TASK DIRECTIONS:
Could you reproduce, word for word, everything below from the line containing "Zabjelu VIDEO: Vandali" down to the line containing "JADE online show from May 24, 9:09 pm", with both of those lines included and no others?

DATA TO PROCESS:
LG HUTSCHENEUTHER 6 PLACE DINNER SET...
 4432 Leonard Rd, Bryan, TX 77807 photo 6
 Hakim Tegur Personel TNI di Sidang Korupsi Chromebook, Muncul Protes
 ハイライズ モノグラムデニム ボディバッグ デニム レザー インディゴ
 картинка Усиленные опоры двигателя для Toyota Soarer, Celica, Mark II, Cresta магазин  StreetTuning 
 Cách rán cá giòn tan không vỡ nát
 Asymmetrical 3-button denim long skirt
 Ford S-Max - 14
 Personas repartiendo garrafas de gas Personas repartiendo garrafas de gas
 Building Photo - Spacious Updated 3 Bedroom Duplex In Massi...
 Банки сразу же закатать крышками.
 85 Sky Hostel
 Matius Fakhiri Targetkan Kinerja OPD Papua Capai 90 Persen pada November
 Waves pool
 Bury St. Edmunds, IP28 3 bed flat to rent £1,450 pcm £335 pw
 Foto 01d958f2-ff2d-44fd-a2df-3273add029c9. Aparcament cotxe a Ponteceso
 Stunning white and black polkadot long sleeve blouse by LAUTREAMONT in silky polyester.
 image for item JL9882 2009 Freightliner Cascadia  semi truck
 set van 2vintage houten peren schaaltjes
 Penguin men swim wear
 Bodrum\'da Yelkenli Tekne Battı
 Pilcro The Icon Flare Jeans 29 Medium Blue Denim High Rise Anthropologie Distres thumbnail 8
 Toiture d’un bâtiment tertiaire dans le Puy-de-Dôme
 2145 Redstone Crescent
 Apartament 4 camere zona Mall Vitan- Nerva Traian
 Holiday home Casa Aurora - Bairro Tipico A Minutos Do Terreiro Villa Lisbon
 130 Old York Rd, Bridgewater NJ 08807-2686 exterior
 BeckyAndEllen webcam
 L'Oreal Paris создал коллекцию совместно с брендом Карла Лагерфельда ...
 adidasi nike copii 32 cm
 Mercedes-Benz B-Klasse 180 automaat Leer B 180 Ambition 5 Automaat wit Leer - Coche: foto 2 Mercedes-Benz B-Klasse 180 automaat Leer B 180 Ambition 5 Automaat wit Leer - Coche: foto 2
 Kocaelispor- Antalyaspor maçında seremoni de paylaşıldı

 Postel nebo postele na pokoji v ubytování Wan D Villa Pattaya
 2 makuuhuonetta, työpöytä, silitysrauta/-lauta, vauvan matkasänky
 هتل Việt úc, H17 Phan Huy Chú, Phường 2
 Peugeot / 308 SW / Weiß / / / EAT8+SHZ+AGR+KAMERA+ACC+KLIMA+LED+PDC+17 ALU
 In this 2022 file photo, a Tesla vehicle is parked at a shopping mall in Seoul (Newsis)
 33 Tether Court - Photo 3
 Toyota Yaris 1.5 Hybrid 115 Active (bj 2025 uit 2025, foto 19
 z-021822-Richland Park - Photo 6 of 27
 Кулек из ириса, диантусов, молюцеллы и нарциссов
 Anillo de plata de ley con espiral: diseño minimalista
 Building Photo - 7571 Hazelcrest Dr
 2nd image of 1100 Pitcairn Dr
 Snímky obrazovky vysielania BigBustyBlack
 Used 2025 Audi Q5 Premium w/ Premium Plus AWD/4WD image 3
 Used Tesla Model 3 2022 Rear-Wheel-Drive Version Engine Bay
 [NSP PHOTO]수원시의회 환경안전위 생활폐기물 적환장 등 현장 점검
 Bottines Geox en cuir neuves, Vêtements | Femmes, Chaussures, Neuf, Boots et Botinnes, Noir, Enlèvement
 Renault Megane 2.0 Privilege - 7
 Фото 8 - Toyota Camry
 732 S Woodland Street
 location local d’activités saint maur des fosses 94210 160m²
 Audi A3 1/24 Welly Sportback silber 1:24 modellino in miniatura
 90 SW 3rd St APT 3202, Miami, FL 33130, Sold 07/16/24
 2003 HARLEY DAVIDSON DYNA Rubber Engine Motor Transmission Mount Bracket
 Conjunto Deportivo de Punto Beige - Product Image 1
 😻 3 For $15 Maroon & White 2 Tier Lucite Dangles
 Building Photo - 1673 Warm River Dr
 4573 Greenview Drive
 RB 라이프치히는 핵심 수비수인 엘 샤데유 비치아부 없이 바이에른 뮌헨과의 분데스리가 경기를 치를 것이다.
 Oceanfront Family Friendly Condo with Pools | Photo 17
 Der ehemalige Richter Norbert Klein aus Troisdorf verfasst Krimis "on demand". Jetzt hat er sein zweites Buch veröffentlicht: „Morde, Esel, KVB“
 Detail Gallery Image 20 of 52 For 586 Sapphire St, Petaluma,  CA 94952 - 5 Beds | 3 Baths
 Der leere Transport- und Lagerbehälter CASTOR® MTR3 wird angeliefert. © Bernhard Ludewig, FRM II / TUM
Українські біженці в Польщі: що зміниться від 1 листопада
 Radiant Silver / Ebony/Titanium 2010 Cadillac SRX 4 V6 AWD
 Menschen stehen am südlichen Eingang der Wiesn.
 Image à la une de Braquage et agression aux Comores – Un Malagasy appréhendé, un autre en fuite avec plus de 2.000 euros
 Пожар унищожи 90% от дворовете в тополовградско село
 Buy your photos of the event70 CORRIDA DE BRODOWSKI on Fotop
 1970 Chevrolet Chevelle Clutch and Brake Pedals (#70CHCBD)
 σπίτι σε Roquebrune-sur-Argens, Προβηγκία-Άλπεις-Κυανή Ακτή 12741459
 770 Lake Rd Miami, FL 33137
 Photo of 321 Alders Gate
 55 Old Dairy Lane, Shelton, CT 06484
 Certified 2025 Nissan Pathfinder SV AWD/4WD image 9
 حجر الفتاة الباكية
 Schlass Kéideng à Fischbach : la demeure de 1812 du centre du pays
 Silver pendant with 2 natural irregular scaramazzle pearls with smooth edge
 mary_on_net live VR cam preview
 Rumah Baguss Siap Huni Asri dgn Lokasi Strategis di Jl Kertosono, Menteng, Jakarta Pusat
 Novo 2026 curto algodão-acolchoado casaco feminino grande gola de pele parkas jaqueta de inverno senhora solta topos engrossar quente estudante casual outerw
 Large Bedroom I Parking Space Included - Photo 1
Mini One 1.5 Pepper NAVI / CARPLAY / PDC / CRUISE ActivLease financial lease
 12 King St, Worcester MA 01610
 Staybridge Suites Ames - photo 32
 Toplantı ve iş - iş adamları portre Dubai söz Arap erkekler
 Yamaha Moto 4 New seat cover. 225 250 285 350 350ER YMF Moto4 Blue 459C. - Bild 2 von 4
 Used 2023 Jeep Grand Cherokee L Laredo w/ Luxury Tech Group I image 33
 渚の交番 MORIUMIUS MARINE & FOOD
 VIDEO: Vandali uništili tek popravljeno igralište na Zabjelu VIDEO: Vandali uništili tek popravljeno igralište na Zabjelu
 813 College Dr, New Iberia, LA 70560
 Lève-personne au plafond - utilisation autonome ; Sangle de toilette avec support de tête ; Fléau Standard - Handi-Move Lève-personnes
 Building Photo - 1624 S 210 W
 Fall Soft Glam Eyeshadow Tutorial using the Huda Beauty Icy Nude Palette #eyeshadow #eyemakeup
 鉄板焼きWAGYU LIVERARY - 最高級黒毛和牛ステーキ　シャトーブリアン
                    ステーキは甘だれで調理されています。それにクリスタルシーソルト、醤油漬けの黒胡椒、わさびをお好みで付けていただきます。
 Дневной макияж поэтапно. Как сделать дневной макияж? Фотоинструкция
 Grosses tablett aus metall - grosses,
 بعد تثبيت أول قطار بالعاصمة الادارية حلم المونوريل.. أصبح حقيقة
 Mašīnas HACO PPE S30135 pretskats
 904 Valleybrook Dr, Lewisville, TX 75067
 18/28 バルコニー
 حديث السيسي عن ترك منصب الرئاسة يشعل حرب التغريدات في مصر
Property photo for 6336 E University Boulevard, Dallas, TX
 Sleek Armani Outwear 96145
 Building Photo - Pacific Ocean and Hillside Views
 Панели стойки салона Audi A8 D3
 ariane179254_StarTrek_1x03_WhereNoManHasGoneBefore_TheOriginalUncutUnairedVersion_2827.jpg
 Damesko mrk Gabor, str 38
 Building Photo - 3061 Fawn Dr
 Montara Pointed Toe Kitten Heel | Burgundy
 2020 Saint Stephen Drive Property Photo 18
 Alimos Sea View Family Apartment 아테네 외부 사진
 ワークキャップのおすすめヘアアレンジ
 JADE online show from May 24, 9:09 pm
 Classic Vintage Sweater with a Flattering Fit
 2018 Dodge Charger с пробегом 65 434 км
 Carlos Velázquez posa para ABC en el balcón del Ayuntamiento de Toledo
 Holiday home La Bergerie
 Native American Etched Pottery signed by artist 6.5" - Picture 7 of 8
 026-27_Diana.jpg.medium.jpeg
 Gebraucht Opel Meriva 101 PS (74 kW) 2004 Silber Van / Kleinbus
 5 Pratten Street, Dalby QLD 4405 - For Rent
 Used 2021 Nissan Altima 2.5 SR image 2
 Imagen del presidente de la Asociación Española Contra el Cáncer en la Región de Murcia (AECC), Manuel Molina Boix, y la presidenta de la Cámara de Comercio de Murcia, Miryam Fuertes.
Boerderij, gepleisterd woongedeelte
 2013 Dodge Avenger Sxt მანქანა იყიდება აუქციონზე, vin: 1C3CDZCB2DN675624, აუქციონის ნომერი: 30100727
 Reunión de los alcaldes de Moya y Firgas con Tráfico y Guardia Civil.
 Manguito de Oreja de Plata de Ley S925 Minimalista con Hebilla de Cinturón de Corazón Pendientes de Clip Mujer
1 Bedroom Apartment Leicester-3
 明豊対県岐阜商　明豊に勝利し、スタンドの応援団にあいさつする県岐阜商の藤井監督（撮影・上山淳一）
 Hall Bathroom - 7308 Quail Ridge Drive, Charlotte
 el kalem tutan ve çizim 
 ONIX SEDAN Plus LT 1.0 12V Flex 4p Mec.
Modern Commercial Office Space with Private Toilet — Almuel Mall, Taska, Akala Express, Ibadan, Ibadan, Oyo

SOLUTION FOR THIS PROBLEM:
 VIDEO: Vandali uništili tek popravljeno igralište na Zabjelu VIDEO: Vandali uništili tek popravljeno igralište na Zabjelu
 813 College Dr, New Iberia, LA 70560
 Lève-personne au plafond - utilisation autonome ; Sangle de toilette avec support de tête ; Fléau Standard - Handi-Move Lève-personnes
 Building Photo - 1624 S 210 W
 Fall Soft Glam Eyeshadow Tutorial using the Huda Beauty Icy Nude Palette #eyeshadow #eyemakeup
 鉄板焼きWAGYU LIVERARY - 最高級黒毛和牛ステーキ　シャトーブリアン
                    ステーキは甘だれで調理されています。それにクリスタルシーソルト、醤油漬けの黒胡椒、わさびをお好みで付けていただきます。
 Дневной макияж поэтапно. Как сделать дневной макияж? Фотоинструкция
 Grosses tablett aus metall - grosses,
 بعد تثبيت أول قطار بالعاصمة الادارية حلم المونوريل.. أصبح حقيقة
 Mašīnas HACO PPE S30135 pretskats
 904 Valleybrook Dr, Lewisville, TX 75067
 18/28 バルコニー
 حديث السيسي عن ترك منصب الرئاسة يشعل حرب التغريدات في مصر
Property photo for 6336 E University Boulevard, Dallas, TX
 Sleek Armani Outwear 96145
 Building Photo - Pacific Ocean and Hillside Views
 Панели стойки салона Audi A8 D3
 ariane179254_StarTrek_1x03_WhereNoManHasGoneBefore_TheOriginalUncutUnairedVersion_2827.jpg
 Damesko mrk Gabor, str 38
 Building Photo - 3061 Fawn Dr
 Montara Pointed Toe Kitten Heel | Burgundy
 2020 Saint Stephen Drive Property Photo 18
 Alimos Sea View Family Apartment 아테네 외부 사진
 ワークキャップのおすすめヘアアレンジ
 JADE online show from May 24, 9:09 pm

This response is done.